Louis | 10 September 2025
South Africa’s wine industry has immense potential right on its doorstep, yet too often producers remain more focused on export prestige than on cultivating a genuine local culture of wine appreciation. The emerging black middle class (alongside the more established white and Indian middle classes, for that matter) in Gauteng is sophisticated, brand-conscious, and eager to invest in quality experiences. But distribution, messaging, and pricing frequently miss the mark. If only more wines were accessible, offered by the glass on restaurant lists, available in singles rather than only by the case shipped from the Cape, consumers could engage with them more naturally and enthusiastically.
What’s needed is not just better access but authentic engagement. The industry must tell stories that connect wine to aspiration, lifestyle, and heritage in ways that feel inclusive rather than exclusive. Encouragingly, there are signs of change, but unless producers start valuing Joburg and Pretoria professionals as much as London buyers, they risk overlooking the most dynamic growth market in their own backyard.
Neville | 10 September 2025
I have followed you for a long time. Best article you have written.
Brendan Hart | 10 September 2025
What are Australia, New Zealand and Chile’s bulk-to-premium ratios I wonder? Are there comparable “new world” success stories or benchmarks to learn from? All of Europe is also struggling it seems as consumer habits and spend shift. On the middle ground argument: The Chocolate Block has been incredibly successful scaling premium, though I would suggest SA needs more examples like this and Seriously Old Dirt, at say R195. De Toren’s Delicate is a quality wine, beautifully packaged and seems to tick this price box, so it can be done. Marc Kent, give us another one, in even higher volume, between Porcupine Ridge and Chocolate Block :-). Lead the way once again….
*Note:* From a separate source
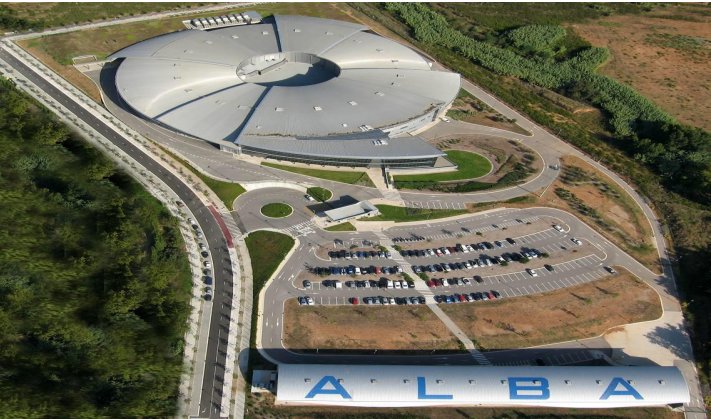 openindustry40's tweet photo. Descúbrelo todo sobre el Sincrotrón @ALBAlightsource en la @FVIndustria40. Regístrate en: https://t.co/8bMgQ1JyJB  #Industria40 https://t.co/bzUDnsl0dk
Heather Saunders | 10 September 2025
Dear Wine Mag,
I am writing to share some thoughts on wine packaging, particularly regarding the availability of quality boxed wine.
I’ve always been interested in seeing more high-quality wine available in boxes, similar to what is common in Scandinavian countries. From an eco-conscious perspective, I find glass bottles cumbersome due to the challenges of responsible recycling. It feels like a constant dilemma to find new uses for bottles, beyond candle holders or bubble bath containers.
I recently came across “My Best Friend” from Zandvliet, which I found to be stylish, sophisticated, and genuinely high-end. The integrated handle in the box was a thoughtful touch that elevated its appeal. It’s rare to find a single-variety wine from a top-quality farm offered in such elegant boxed packaging.
I believe there’s a strong market for more premium, eco-friendly boxed wine options.
Best regards,
Elegant Places
Thapelo Mangope | 10 September 2025
Louis, I wouldn’t have said it any better. I’m in total agreement with you.
The now famous Eben Sadie’s quip about not wishing to go talk fine wine with the jet set crowd in Helsinki when he could do same with his plumber and by extension his countrymen whilst queueing at his local butcher rings ever so true here.
The Gauteng fine wine market needs meaningful and pointed engagement and not sporadic showings only during new vintage launches at a few boutique wine shops…
Nick Koornhof | 10 September 2025
Lets begin at the exorbitant prices for wine at some restaurants- restaurants should have at least a white and red wine where the mark up is not more than 100%.
GillesP | 10 September 2025
Very good point Nick. That’s what I remember from back in the days. Now the restaurant have become very greedy at x3 or x3.5 which admittedly is the same as in Europe , but that doesn’t help either.